MENLO PARK, California: Meta Platforms, led by CEO Mark Zuckerberg, is poised to make a major leap in artificial intelligence, with plans to invest as much as US$65 billion in 2025.
The hefty budget reflects the company’s ambition to outpace competitors OpenAI and Google in the increasingly competitive AI landscape.
As part of its strategy, Meta will increase hiring for AI-focused roles and build a massive 2-gigawatt data center, equivalent in size to a significant portion of Manhattan. The company, already one of Nvidia’s top customers for its sought-after AI chips, plans to scale its infrastructure to include over 1.3 million graphics processors by year-end. Additionally, it aims to bring about 1 GW of computing power online in 2025.
“This will be a defining year for AI,” Zuckerberg said in a Facebook post. “This massive effort will drive our core products and business for years to come.”

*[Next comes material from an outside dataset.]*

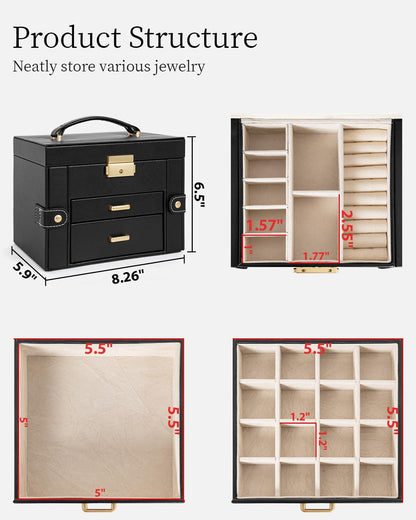 TORIBIO Jewelry Box for Women, Leather Jewelry Organizer with Mirror & Lock, 3-Tier Jewelry Storage Organizer with 2 Drawers for Girls/Women/Mothers, Necklace Earring Bracelets Holder Organizer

Meta’s announcement comes amid a surge in AI investments across the tech sector. Earlier this month, Microsoft revealed plans to invest $80 billion in data centers for fiscal 2025, while Amazon’s spending for 2025 is expected to exceed $75 billion. Adding to the momentum, a new venture called Stargate, backed by OpenAI, SoftBank, and Oracle, pledged $500 billion toward U.S. AI infrastructure.
“Zuckerberg is signaling that Meta is determined not to fall behind in the AI race,” said D.A. Davidson analyst Gil Luria. The timing of Meta’s announcement likely reflects competitive pressure from the Stargate venture.

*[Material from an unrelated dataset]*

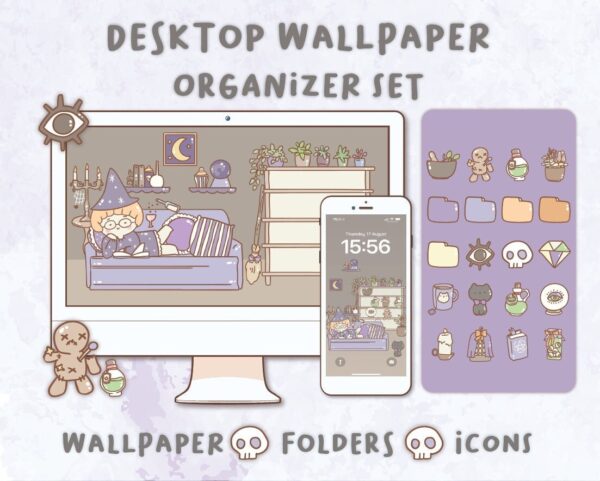 Cute witch Desktop Wallpaper Organizer| Mac and Windows Organizer | Mac and Windows Desktop Folder Icons|Desktop Icons and Wallpapers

Meta’s investment underscores its unique approach in the AI space, including open-source Llama AI models that allow businesses and consumers free access. The company’s AI-powered assistant, integrated across its platforms, is projected to serve over one billion people by 2025, up from 600 million monthly users last year.
The planned $60 to $65 billion in capital spending marks a sharp rise from Meta’s estimated $38 to $40 billion last year, and far exceeds analysts’ forecasts of $50.25 billion for 2025. Meta is set to report its fourth-quarter earnings on January 29.